By Anthony Harrington
On 22 November last year, China completely reversed its policy on credit. Where it had been steadily raising bank reserves to soak up excess liquidity and dampen down a credit bubble that was reaching dangerous levels, suddenly in November it lowered the official level for bank reserves.
The rationale behind this was largely to head off the slowdown in exports resulting from diminished orders from Europe and a weakening economic environment in the US. The slowdown showed little signs of improvement, however, and market experts were expecting China to step in with a further credit easing in January. That didn’t happen, but on 16 February circumstances, namely the looming probability of a fifth quarter of diminishing growth, seemed to have pushed the People’s Bank of China to a further easing of reserve levels. It cut reserve requirements from 21% to 20.5%, a 50 basis point reduction.
Although this doesn’t sound huge, according to Reuters, the cut in reserve requirements threw the equivalent of some $60 billion into the economy by boosting bank lending capacity. It’s impact on the markets is likely to be very positive, according to Reuters:
The cut, announced late evening, is set to boost the confidence of domestic stock investors, who have been eagerly awaiting clear signs of an easing of monetary policy.

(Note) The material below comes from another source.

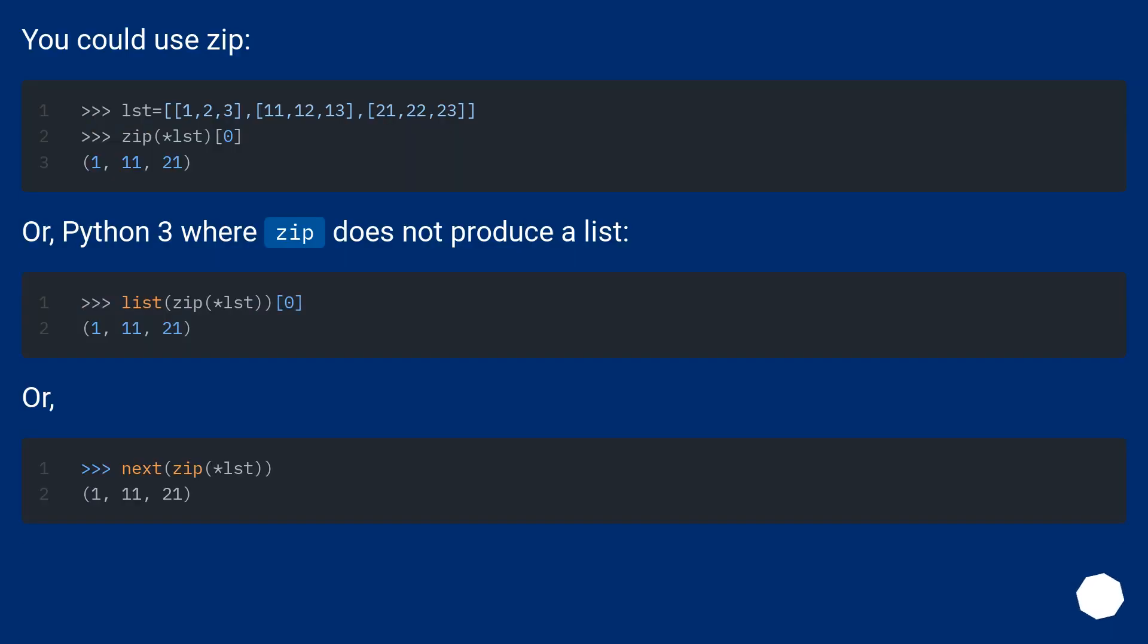You could use zip. Or, Python 3 where zip does not produce a list. Or...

However, while the easing of bank reserve requirements may well cause a flurry of excitement in equity markets, this is not something the Chinese Government particularly wanted to do. Inflation is still running above 4%, which means that Chinese Government one-year bonds, which have a coupon of 3.5%, are actually yielding negative returns. Loosening credit is not exactly going to help dampen inflation, but inflation at 4% or even at 5% is not going to be an immediate threat.
The far greater threat, as far as China is concerned, is posed by the possibility of GDP growth in China sliding below 8%. This is the level that is widely accepted as the minimum growth China requires in order to provide jobs for new entrants to the economy. A point or two below this, and some commentators are already forecasting growth slipping to 7.9% or lower.
Reuters points out that China’s GDP “adds more each year to net global growth than any other nation.” So a slowdown in China to around 7% GDP growth or even sub-7% would have a serious impact on global growth, quite apart from the instability that it would cause in China itself.
Reuters cites the reassurance offered by Xi Jinpen, widely seen as China’s leader-in-waiting and the man most likely to replace Chinese President Hu Jintau when his period in office ends in a year’s time. According to Xi Jinpen, “There will be no hard landing” for China. However, that is a lot easier to say than it is to prevent. As Reuters notes, in its fourth-quarter monetary policy report, the PBOC said it had selectively cut the Reserve Requirement Rate for some banks (as opposed to making a general cut for all banks) through the end of 2012 and that it would do so again if necessary.
However, the country is still dealing with the consequences of the runaway lending boom that followed its massive 4 trillion yuan cash injection into the economy after the 2008 crash, so the PBOC is between a rock and a hard place on this. It doesn’t want lending or inflation getting out of control, but it most assuredly does not want to see growth sinking to 7% and below.